Après séchage, une protection fait la différence. Sur verre et plastique, un vernis adapté améliore nettement la tenue. Sur céramique décorative, certaines peintures peuvent être fixées par cuisson si le produit le prévoit. Sans cette étape, on obtient un bel objet, mais pas forcément un objet manipulé tous les jours. C’est très bien pour un vase décoratif, beaucoup moins pour un mug utilisé et lavé souvent.
Si votre projet relève plus du dessin que de la peinture de matière, un feutre à base d’eau peut rester plus agréable. Mais si vous voulez couvrir, écrire sur sombre ou masquer le support, l’acrylique garde l’avantage.
Quel feutre acrylique pour le textile ?
Le tissu demande un marqueur qui accompagne le support au lieu de lutter contre lui.
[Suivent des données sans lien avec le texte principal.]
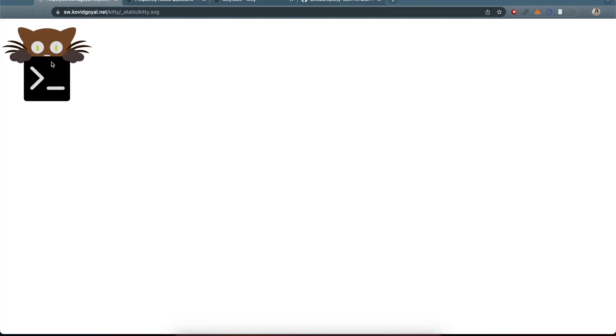All right, so your icon will probably look like this whenever you first install. I'm on macOS, so I just did a brew install. You can also install it using the install guide where you do a curl request, but you should end up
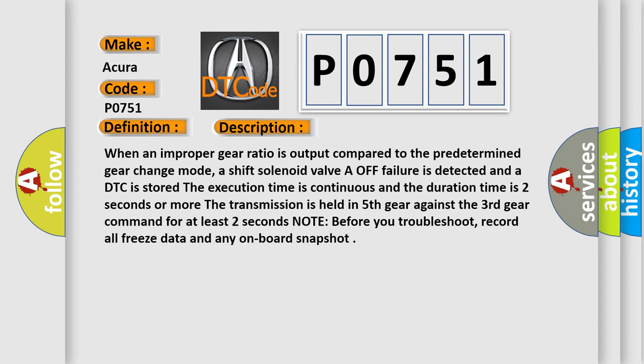The transmission is held in fifth gear against the third gear command for at least two seconds. As a note, before you troubleshoot, record all freeze data and any on-board snapshot.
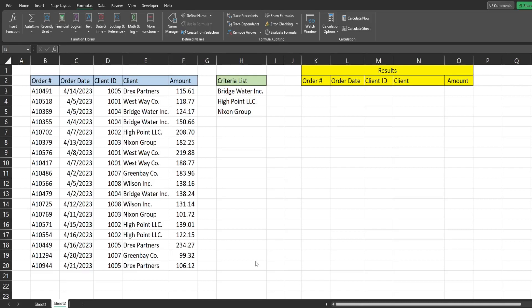In this video, we're going to look at using the filter function in Microsoft Excel when we have a range list criteria for that filter. Before I begin, one thing I want to point out is that the filter function is only available in Excel 2021 or with Office 365 subscriptions.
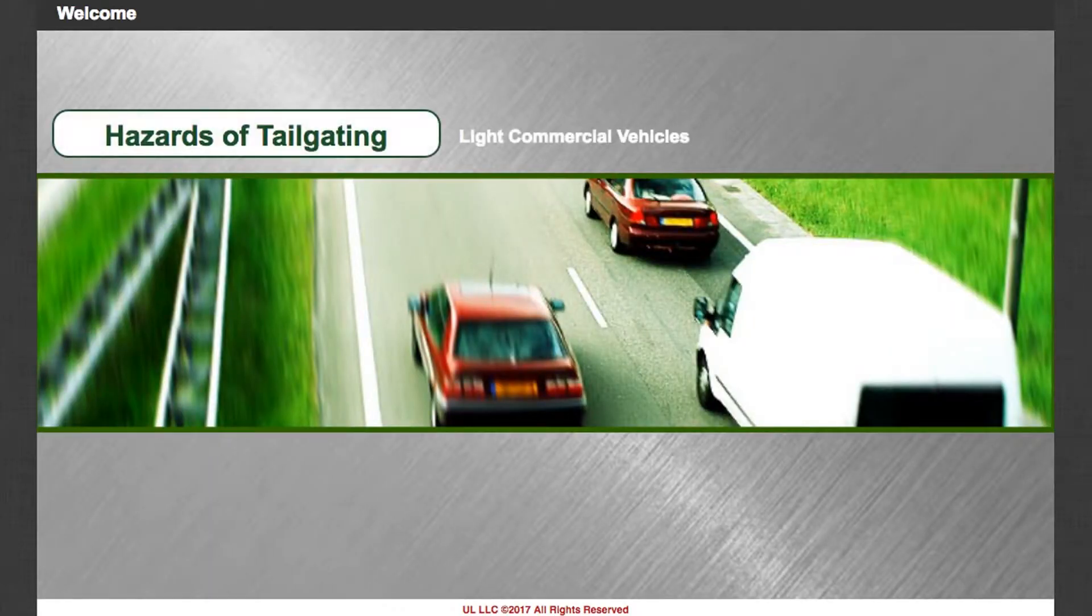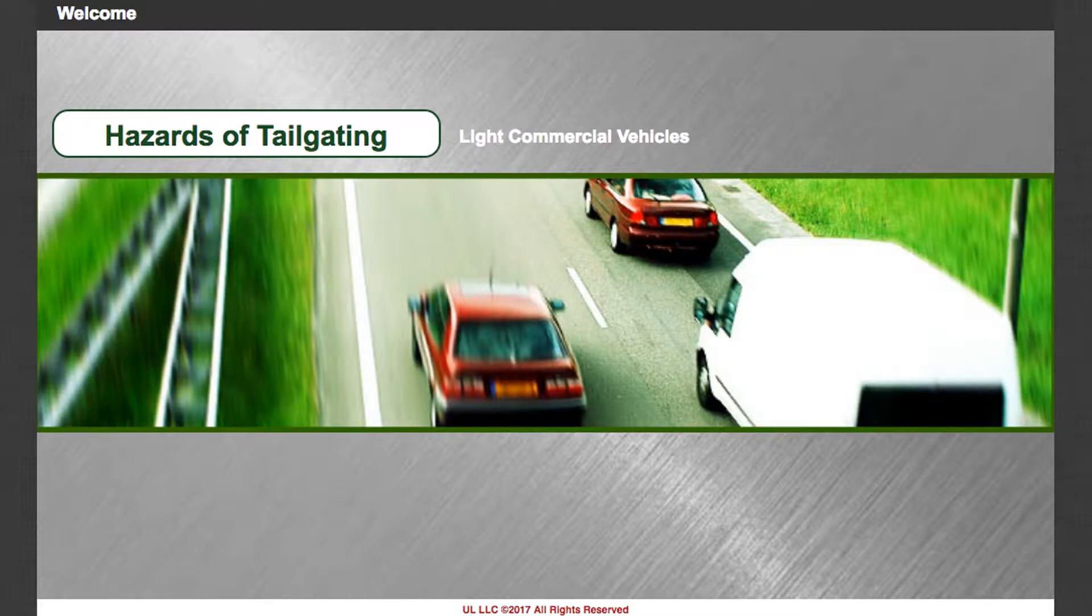Welcome to our training session on the hazards of tailgating for light commercial vehicles.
Une pointe moyenne souple ou une pointe pinceau fonctionne mieux qu’une mine dure. Sur coton, tote bag ou basket en toile, le trait reste plus régulier si le textile est tendu et lisse. Glissez un carton dessous pour éviter le transfert et garder une pression stable.
Le geste compte plus ici qu’ailleurs. On trace d’abord le contour, on remplit ensuite, puis on laisse sécher complètement. Si vous revenez trop tôt dans une zone encore humide, la pointe se charge en fibres et la couleur devient irrégulière. Sur un motif rempli, mieux vaut deux couches légères qu’une seule trop épaisse.
Pour rendre le décor plus durable, la fixation au fer sans vapeur reste le bon réflexe, de préférence sur l’envers du tissu si la forme le permet. Ce n’est pas une garantie absolue contre tous les lavages, mais le motif tient nettement mieux qu’un dessin laissé tel quel. Pour des textiles très sollicités, comme des chaussures ou un sac souvent plié, gardez à l’esprit qu’aucun marqueur ne remplace une peinture textile dédiée.
Posca est souvent choisi pour customiser baskets et accessoires, parce que la gamme de pointes est large et la prise en main immédiate. Pour un usage plus artistique, avec superpositions et retouches fines, Molotow et Pébéo offrent plus de latitude.
Quelles marques regarder selon votre pratique ?
Il n’y a pas un « meilleur feutre » dans l’absolu. Il y a surtout des familles d’usage. Posca reste le choix le plus simple pour qui veut un rendu mat, couvrant, facile à prendre en main, avec beaucoup de pointes et une vraie aisance sur les supports variés. Pour débuter ou customiser, c’est souvent le plus fluide à vivre.
Molotow One4All vise plus clairement l’usage intensif. La gamme compte 72 couleurs rechargeables, des pointes de 1 à 15 mm, des mines interchangeables et même un Twin Marker avec une pointe fine de 1,5 mm d’un côté et une ogive de 4 mm de l’autre. Si vous peignez souvent, ce système devient vite rentable et plus souple que des feutres jetables.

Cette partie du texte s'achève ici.